FRENCH PRESIDENT Nicolas Sarkozy has dismissed as “undemocratic” Berlin’s call to appoint an EU “budgetary commissioner” to Greece…

FRENCH PRESIDENT Nicolas Sarkozy has dismissed as “undemocratic” Berlin’s call to appoint an EU “budgetary commissioner” to Greece with powers to veto any government spending that knocks its rescue programme off track.

The controversial call has caused consternation in Greece, but Chancellor Angela Merkel insisted last night that Athens had already agreed in principle to such oversight last year.

“Greece’s recovery plan can be implemented only by the Greeks,” said Mr Sarkozy in Brussels last night. “No country can possibly be placed in trusteeship. It would not be reasonable, democratic [or] efficient.” While Mr Sarkozy insisted Chancellor Merkel was in agreement with him, one door down the German leader was sending a very different signal.

After striking a moderate tone on her arrival in Brussels, she stepped up her calls for extra financial oversight of Greece last night, in line with a paper circulated by Berlin last week.

READ MORE

“Countries not sticking to their programmes create a certain frustration in countries that are financing them and raise the question about oversight,” she said.

The German leader cited a summit decision last October that allowed the European Commission to “offer assistance to ensure the timely and full implementation of the reforms” in Greece. Her request was “nothing new beyond what was already agreed in spirit”.

Greek prime minister Lucas Papademos stayed behind after the summit for talks with the European Central Bank and Brussels officials to discuss plans to cut its private-sector debt by €100 billion.

Delays over this have held up agreement on Greece’s second EU bailout package. Senior EU sources said last night that both sets of talks would be concluded and agreed by next week. European Council president Herman Van Rompuy urged swift agreement to allow time for it to be finalised. Greece urgently needs fresh funding to avert a default in mid-March, when significant bond repayments are due.

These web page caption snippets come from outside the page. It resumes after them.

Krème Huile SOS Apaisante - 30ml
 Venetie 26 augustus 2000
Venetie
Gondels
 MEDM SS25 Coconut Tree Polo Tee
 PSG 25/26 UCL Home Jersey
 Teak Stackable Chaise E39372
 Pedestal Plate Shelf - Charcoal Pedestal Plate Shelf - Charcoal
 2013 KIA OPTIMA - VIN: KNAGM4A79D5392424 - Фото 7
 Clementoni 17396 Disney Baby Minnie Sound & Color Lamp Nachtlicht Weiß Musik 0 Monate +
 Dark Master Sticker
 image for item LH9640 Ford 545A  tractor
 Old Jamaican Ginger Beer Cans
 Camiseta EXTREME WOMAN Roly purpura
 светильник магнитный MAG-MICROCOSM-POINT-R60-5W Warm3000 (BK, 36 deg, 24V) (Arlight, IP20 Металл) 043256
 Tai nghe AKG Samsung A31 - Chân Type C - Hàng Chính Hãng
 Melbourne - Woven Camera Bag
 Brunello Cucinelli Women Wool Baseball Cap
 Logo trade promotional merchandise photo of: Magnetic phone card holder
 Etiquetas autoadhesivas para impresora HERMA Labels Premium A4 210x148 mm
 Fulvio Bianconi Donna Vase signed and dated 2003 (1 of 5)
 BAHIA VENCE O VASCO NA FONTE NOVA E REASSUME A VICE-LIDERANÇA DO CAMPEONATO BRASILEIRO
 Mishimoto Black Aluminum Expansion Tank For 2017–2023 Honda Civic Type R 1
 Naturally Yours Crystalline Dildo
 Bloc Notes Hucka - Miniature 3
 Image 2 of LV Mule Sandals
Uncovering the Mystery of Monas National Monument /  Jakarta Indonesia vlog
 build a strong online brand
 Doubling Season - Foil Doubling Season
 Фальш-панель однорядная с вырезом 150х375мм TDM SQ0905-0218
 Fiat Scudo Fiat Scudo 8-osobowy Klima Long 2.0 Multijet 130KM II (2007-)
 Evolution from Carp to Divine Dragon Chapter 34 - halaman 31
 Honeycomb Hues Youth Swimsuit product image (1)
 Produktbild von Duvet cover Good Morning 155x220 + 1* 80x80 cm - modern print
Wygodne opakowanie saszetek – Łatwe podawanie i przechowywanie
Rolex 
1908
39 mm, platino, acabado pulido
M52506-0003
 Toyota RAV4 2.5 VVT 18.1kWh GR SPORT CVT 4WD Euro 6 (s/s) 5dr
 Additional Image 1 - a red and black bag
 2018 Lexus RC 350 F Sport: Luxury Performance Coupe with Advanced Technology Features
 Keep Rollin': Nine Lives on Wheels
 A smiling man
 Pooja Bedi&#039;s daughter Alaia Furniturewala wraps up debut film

Mr Papademos warned his EU partners yesterday that a failure to reach a deal “raises the spectre of bankruptcy with all the dire consequences for society that entails”.

However, German officials insisted a deal could only be concluded as part of a “complete package”, with “further efforts by Greece or private sector-involvement” not ruled out.

Asked if a budgetary commissioner was a “special case” for Greece, Dr Merkel said that troika reports warning of a reform backlog in other countries would “create such discussions” there, too. On the wider fiscal compact, Chancellor Merkel said she was not concerned over EU leaders postponing agreement on a key mechanism in the deal regarding deficit spending.

The agreed treaty text empowers the European Commission to establish that a signatory state has not implemented adequate debt brake procedures, but does not, as demanded by Berlin, permit it to file a case at the European Court of Justice.

Instead leaders have agreed to find a new procedure by March to allow one member state take an action against another.

“With this, we are far better insured against things that happened in the past not happening again,” she said, “and we won’t have any problems finding a way, I’m not worried about that.”